Task brief = Print the data exactly as written, but leave out each picture.

Pictures with short captions
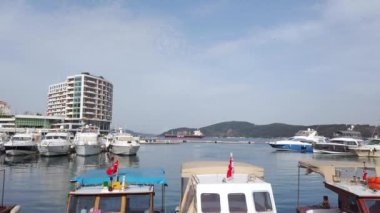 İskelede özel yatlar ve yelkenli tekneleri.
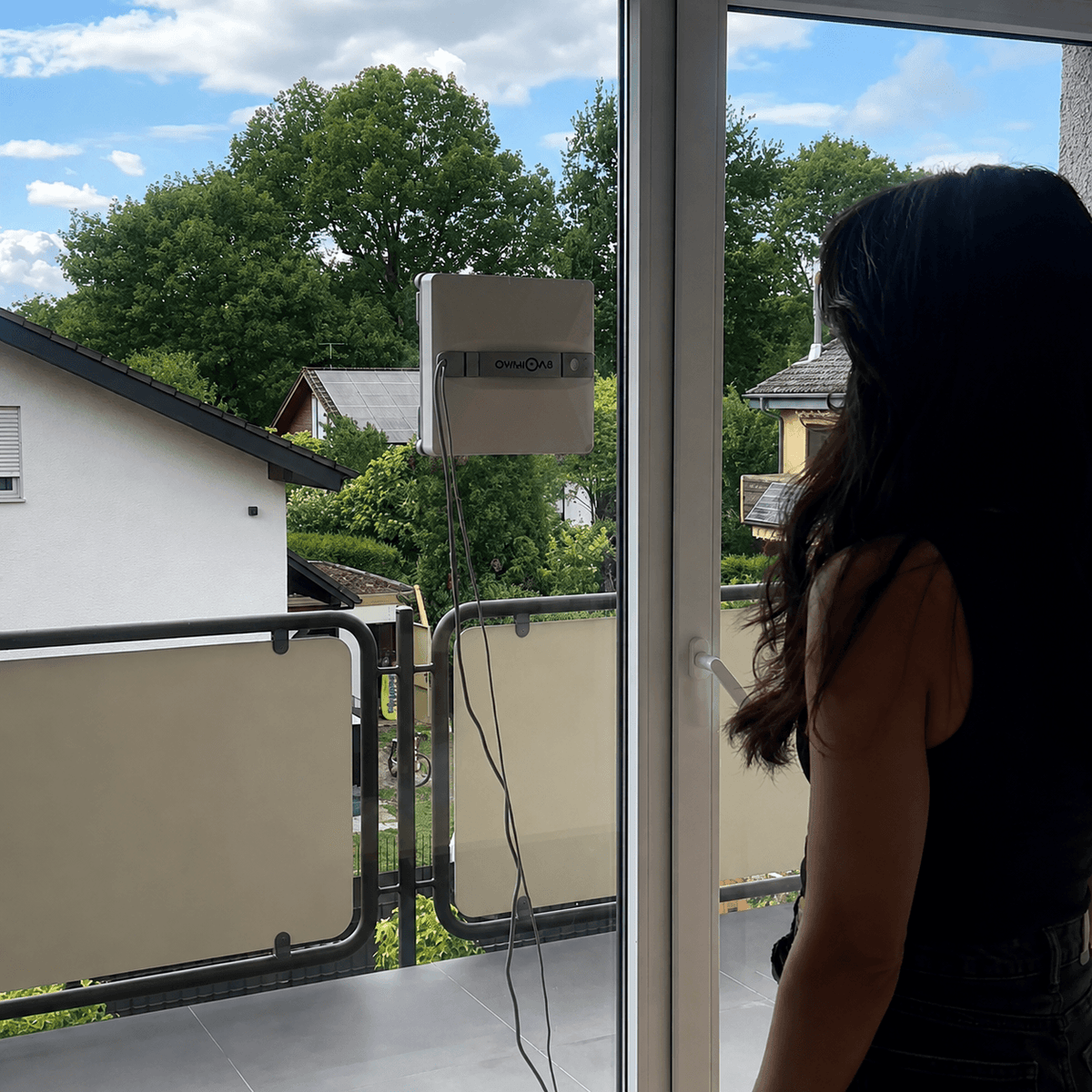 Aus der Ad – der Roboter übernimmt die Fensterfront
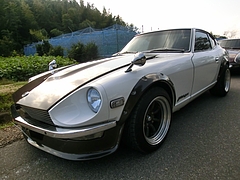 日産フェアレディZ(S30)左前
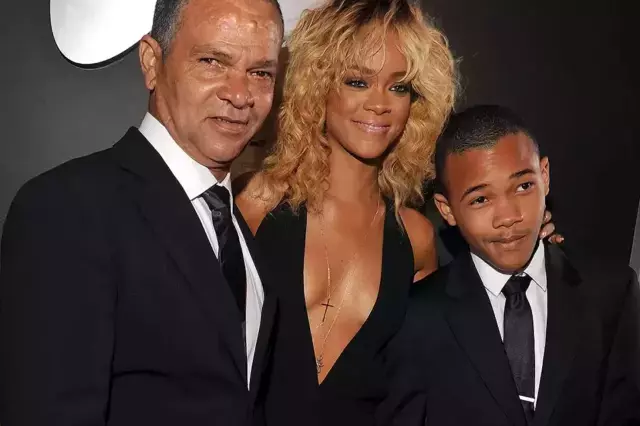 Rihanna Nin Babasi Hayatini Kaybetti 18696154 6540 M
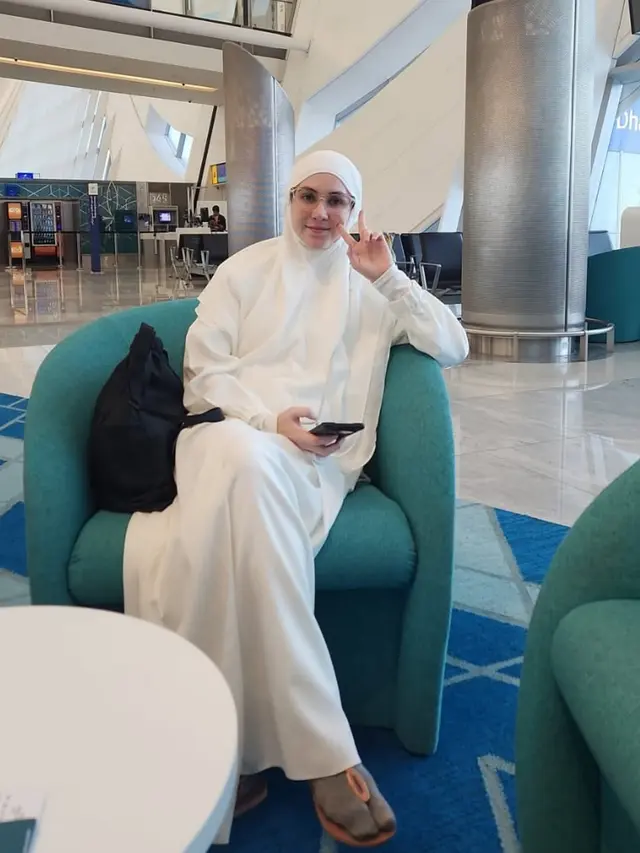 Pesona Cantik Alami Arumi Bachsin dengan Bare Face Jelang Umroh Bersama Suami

Output below =
 İskelede özel yatlar ve yelkenli tekneleri.
 Aus der Ad – der Roboter übernimmt die Fensterfront
 日産フェアレディZ(S30)左前
 Rihanna Nin Babasi Hayatini Kaybetti 18696154 6540 M
 Pesona Cantik Alami Arumi Bachsin dengan Bare Face Jelang Umroh Bersama Suami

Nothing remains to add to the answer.